Saturday, September 25, 2010

Decadal Survey Endgame

A single presentation slide has been posted on the planetary Decadal Survey webpage listing the schedule towards the public release of the recommendations (next spring) and final document (next August).  (Slide reproduced below.)  The draft report and recommendations should now be with reviewers.  The Surveys traditionally have run a tight review process with no leaks, so the public will have to wait six months to learn what the next decade's program will look like (assuming budgets come through and no major cost overruns).

However, it's fun to speculate what the recommendations might look like.  With that in mind, I'll publish my best guess on what the Survey might recommend.
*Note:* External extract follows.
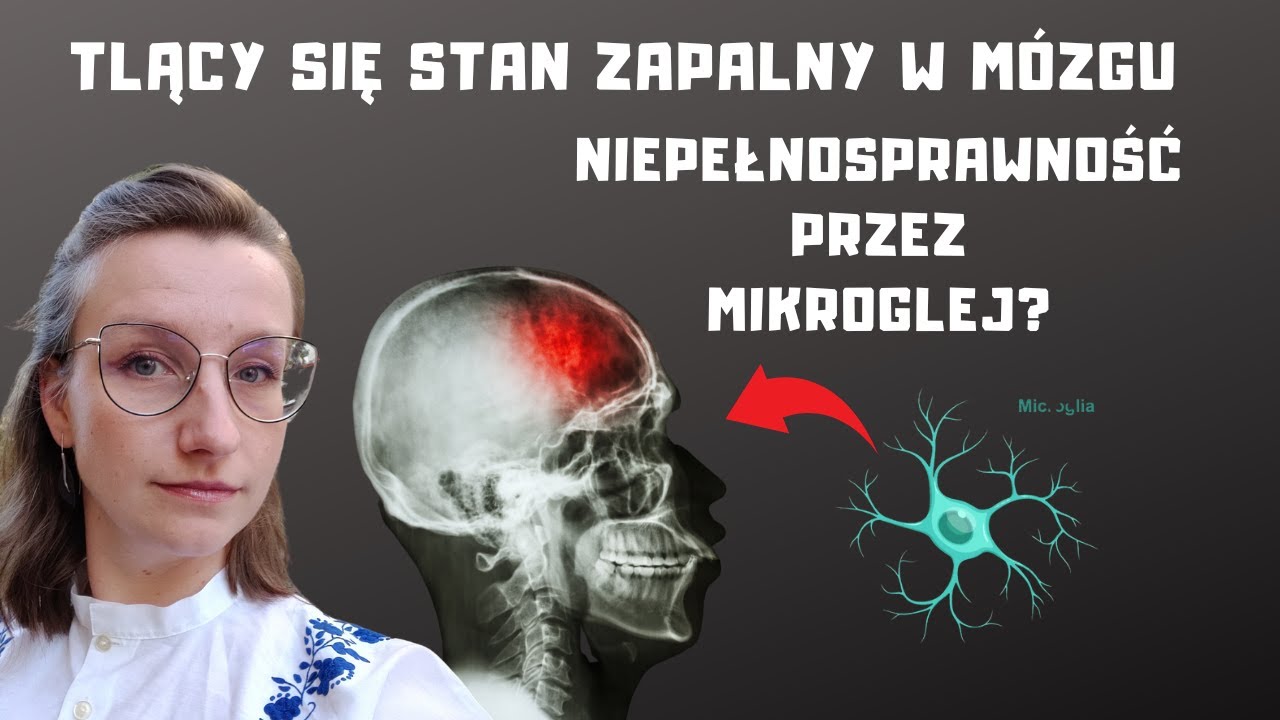 Tlące się stwardnienie rozsiane - POGORSZENIE bez rzutów. Stan zapalny w mózgu i rdzeniu |O,choroba!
The last planetary Decadal Survey had four themes to guide mission selection.  I have not seen anything that I predict will replace these priorities althought they are likely to be updated: 1. The First Billion Years of Solar System History; 2. Volatiles and Organics: The Stuff of Life; 3. The Origin and Evolution of Habitable Worlds; 4. Processes: How Planetary Systems Work.
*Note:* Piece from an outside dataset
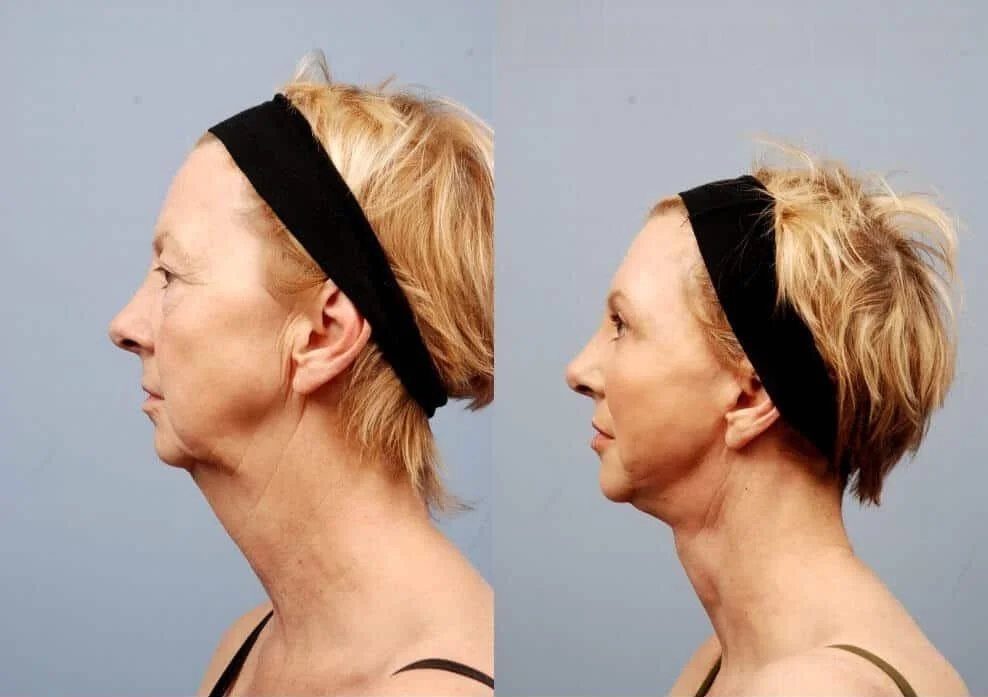 Facetite - Before and After Gallery - Patient Photo 2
Two key missions from the last Survey have yet to receive formal approval: an Europa orbiter and Mars sample return.  Both remain highly relevant to the priorities listed above.  Both I think are likely to be recommended in the next Survey.  (Both are also expensive, so this is the prediction that I have the least confidence in.)  Titan and Enceladus have increased in importance, but technology is not yet ripe for a multi-billion dollar Flagship mission to these targets.  I predict that the Survey will recommend a lower cost missions to these moons as a gap filler in the next decade.  Scientist-led Discovery and New Frontiers missions also are likely to remain a priority to balance out the program with missions to additonal targets.

Based on these assumptions (and some will be proved wrong), here is a program that would address them and that would fit within the current budget adjusted for inflation over a full decade (costs are either based on publically published numbers or are swags (MTGO and Titan/Enceladus):



Some notes on this possible program:

The Mars missions would provide a head start on a Mars sample return.  However, I would not start the subsequent elements of the return until a cache is ready on the surface of Mars with samples known to be high priority

If budgets prove tight, I would cut the Jupiter Europa Orbiter back to ~$2B to focus only on the most urgent measurements (and sacrifice a good portion of the Jupiter system science).  A Discovery mission might also be cut.

In this thought experiment, the Titan/Enceladus mission would a PI-led mission that would substitute for a second New Frontiers mission in the decade.  The suggested budget would cover the cost of a New Frontiers-class orbiter and a Discovery-class in-situ element such as a lake lander or a plane.  What might be actually proposed by the winning PI might be quite different.

The 2011 New Frontiers mission would be selected from the three missions currently in competition: a Venus lander, a near Earth asteroid sample return, or a lunar sample return.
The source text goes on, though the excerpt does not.